__Exercise goal__. Every line below between the line holding "ドロワ(droit)&nbsp;【droit】ピンクカラー" and the line holding "Dolce Gabbana Spring", inclusive, should be repeated exactly, and all other lines omitted.

__Material for this exercise__.
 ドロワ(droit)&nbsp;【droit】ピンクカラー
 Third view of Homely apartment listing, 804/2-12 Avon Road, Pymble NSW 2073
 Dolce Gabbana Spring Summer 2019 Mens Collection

...

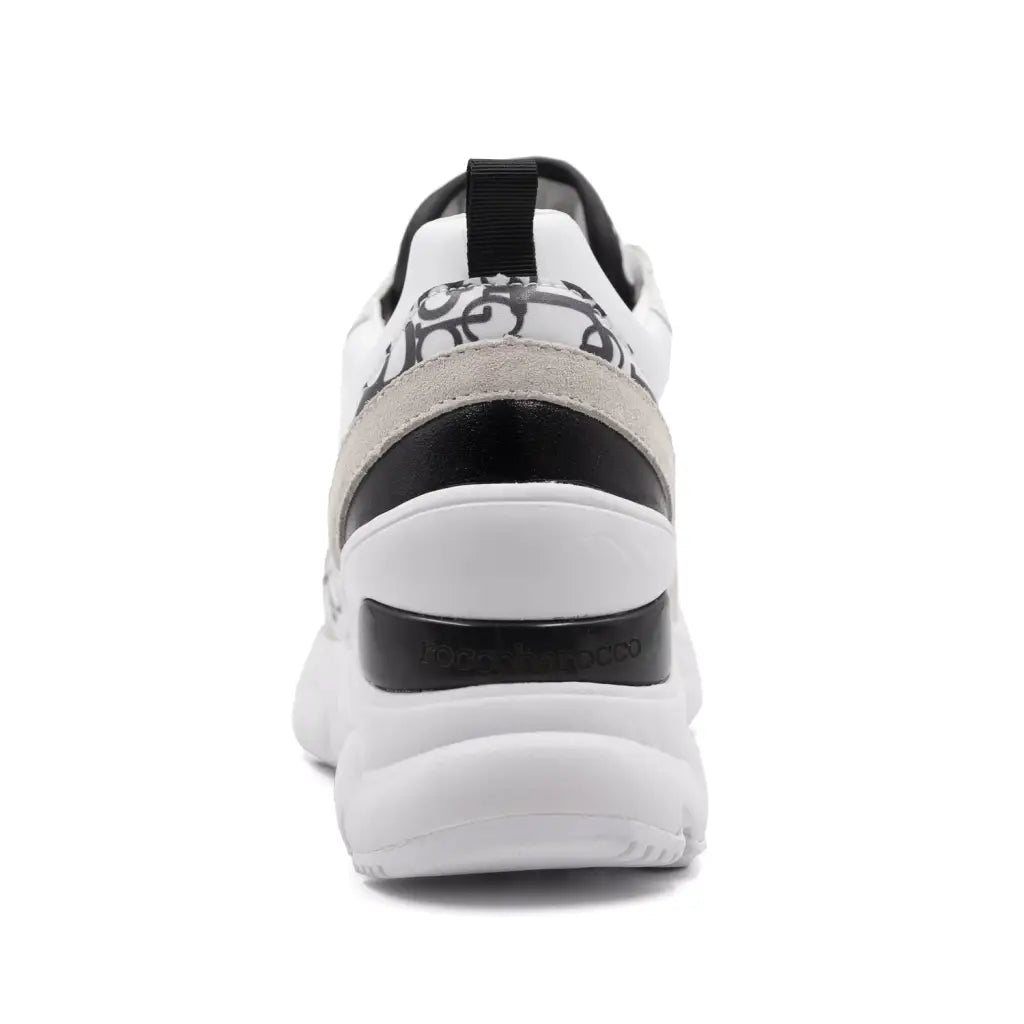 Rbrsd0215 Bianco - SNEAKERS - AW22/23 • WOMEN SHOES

__Answer to the problem__.
 ドロワ(droit)&nbsp;【droit】ピンクカラー
 Third view of Homely apartment listing, 804/2-12 Avon Road, Pymble NSW 2073
 Dolce Gabbana Spring Summer 2019 Mens Collection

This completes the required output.